WHAT YOU NEED TO DO. Nothing outside the range is wanted. Repeat exactly the lines below from the one with "Kelle dance jazz acro costume" through the one with "christmas card with stars and hanging ball".
*** Opening SUPPLIED MATERIAL ***
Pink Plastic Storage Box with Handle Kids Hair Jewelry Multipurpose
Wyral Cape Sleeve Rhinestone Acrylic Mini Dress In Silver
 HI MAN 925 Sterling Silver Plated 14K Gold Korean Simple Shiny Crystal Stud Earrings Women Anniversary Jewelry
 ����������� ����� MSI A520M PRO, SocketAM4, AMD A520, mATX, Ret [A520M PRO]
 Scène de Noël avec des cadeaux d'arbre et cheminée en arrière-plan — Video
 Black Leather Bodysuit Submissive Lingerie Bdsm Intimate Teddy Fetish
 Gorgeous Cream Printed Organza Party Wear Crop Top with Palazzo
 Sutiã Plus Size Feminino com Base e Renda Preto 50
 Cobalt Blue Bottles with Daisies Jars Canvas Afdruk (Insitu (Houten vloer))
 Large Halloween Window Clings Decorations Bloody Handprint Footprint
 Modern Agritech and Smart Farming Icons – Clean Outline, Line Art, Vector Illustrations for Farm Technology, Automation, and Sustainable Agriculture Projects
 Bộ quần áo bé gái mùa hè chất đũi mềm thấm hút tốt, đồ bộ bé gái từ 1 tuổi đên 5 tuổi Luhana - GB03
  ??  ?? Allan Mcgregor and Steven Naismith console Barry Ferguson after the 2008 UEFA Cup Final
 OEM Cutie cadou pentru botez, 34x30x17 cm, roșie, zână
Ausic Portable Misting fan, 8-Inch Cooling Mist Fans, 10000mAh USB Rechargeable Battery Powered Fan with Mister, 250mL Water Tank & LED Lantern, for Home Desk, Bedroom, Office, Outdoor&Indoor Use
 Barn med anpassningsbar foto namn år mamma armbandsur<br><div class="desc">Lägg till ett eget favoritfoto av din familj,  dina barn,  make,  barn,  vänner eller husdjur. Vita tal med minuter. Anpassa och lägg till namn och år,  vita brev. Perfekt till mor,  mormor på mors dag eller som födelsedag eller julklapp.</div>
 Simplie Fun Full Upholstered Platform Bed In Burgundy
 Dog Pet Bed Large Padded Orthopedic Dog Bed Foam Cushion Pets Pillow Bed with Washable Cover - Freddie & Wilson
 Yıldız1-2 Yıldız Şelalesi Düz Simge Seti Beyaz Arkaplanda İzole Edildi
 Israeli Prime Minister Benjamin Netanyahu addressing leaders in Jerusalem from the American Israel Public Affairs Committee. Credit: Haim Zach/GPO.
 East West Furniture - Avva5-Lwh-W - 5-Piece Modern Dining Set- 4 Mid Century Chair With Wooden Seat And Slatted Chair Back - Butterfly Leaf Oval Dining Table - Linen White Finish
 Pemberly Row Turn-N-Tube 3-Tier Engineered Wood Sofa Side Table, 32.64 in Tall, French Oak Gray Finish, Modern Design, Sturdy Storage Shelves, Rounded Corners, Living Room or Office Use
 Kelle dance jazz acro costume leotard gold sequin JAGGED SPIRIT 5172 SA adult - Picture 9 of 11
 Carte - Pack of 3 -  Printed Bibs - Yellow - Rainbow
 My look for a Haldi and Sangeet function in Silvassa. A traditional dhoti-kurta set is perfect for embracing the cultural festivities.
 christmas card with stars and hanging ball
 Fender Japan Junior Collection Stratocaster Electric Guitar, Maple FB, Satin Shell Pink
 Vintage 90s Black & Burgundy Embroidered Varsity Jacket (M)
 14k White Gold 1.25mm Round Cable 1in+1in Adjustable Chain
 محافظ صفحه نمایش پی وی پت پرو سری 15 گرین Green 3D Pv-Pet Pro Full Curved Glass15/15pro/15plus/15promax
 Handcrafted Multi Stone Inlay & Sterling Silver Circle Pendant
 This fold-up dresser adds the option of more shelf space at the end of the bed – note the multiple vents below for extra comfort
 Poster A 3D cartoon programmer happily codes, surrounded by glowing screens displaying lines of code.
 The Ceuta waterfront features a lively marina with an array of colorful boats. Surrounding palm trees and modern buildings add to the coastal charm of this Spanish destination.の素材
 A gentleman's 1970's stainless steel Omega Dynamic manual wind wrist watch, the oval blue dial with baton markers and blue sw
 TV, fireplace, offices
*** Closing SUPPLIED MATERIAL ***
EXERCISE SOLUTION.
 Kelle dance jazz acro costume leotard gold sequin JAGGED SPIRIT 5172 SA adult - Picture 9 of 11
 Carte - Pack of 3 -  Printed Bibs - Yellow - Rainbow
 My look for a Haldi and Sangeet function in Silvassa. A traditional dhoti-kurta set is perfect for embracing the cultural festivities.
 christmas card with stars and hanging ball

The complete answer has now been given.